The Spokesman-Review

We wouldn’t grieve for him if Joseph Duncan were put to death, but the system that would carry out the execution needs a healthy injection of reason.

Duncan has admitted killing three members of the Groene family and abducting two children to satisfy depraved sexual cravings. But because federal prosecutors are seeking the death penalty, the sentence itself will be under scrutiny – and for good reason.

Since Congress reinstituted the federal death penalty in 1988, a grand total of three people have been executed. There’s no rational pattern for why they were killed and others spared.

A total of 2,512 people have been eligible for federal capital cases. Prosecutors have sought the death penalty 431 times. Fifty-nine of those people have been sentenced to death.

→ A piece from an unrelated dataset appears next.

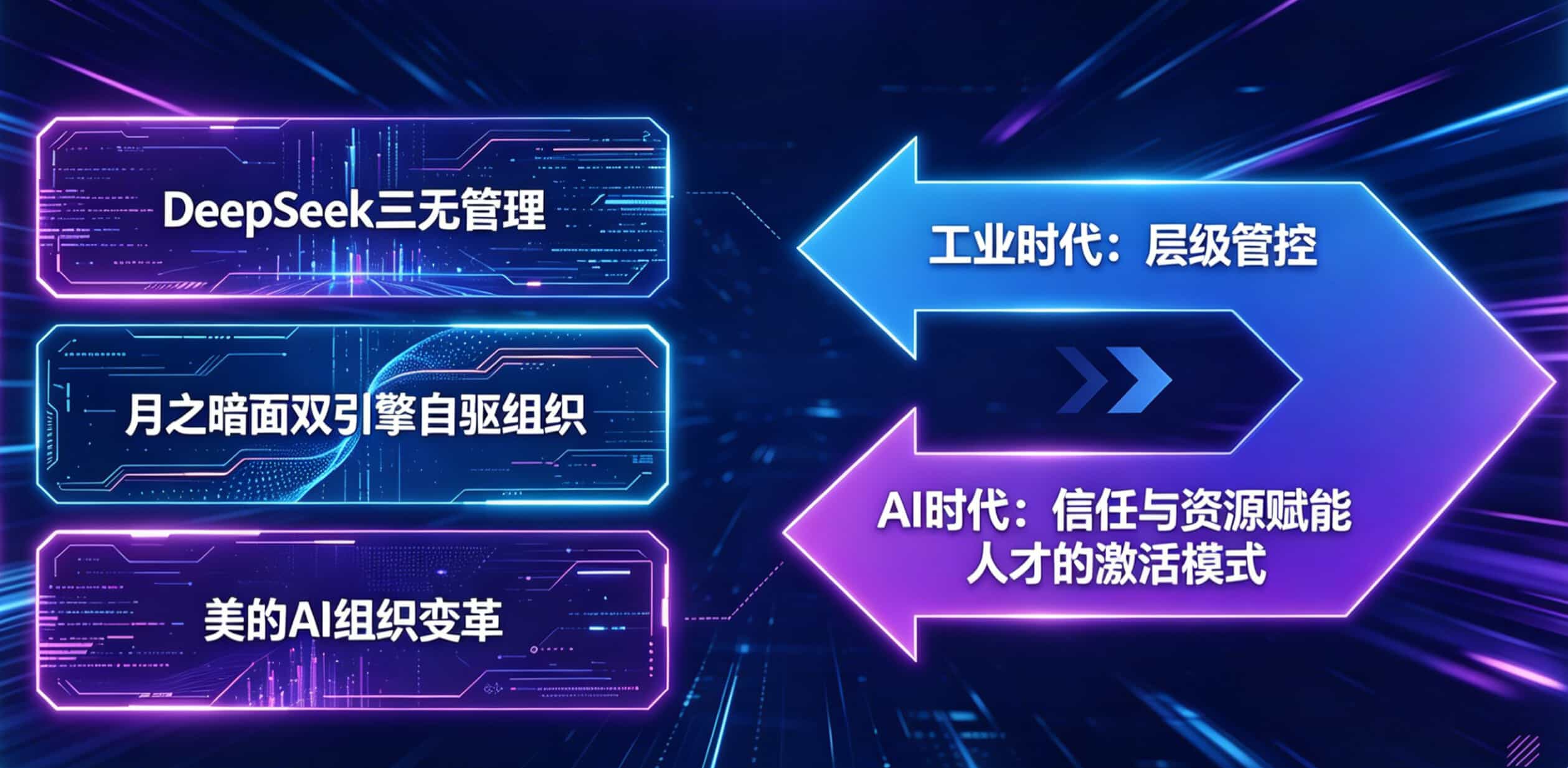 无 KPI、无层级、无审批：AI 时代的 “三无管理”，正在淘汰传统公司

The reasons for sparing someone’s life are varied: quality of defense counsel, jurisdiction (federal courts across the South seek the death penalty more frequently) and which presidential administration the crime occurred under.

What is missing is a connection between the heinous nature of the crimes and the possibility of death. The deterrent effect of capital punishment has long been debunked.

Not only are such prosecutions devoid of rational justifications, they are a lot more expensive. In federal cases, death penalty prosecutions cost about four times more to pursue than life without the possibility of parole. The average case costs $365,000 and that doesn’t include non-attorney costs, such as investigations and expert witnesses.

That price tag also doesn’t include the cost of defense lawyers, which is typically borne by taxpayers. Then there are the lengthy appeals.

If Duncan hadn’t pleaded guilty to murder and kidnapping charges in Kootenai County, it would have cost an estimated $400,000 for his defense. He was sentenced to three consecutive life terms. So, the only point in continuing to prosecute him is to determine whether he lives or dies. And the only justification left is catharsis.

There’s no denying the emotional appeal of executing someone like Duncan, but that isn’t enough to justify an arbitrary system that has been exposed as inconsistent, expensive and rife with the potential of killing an innocent person. Numerous people have walked off death rows after being exonerated. In many of those cases, the zeal or pressure for revenge had masked police and prosecutorial errors and allowed the real killers to remain free.

It’s over for Duncan. He will never be a free man. Taking on the added burden of killing him isn’t worth it.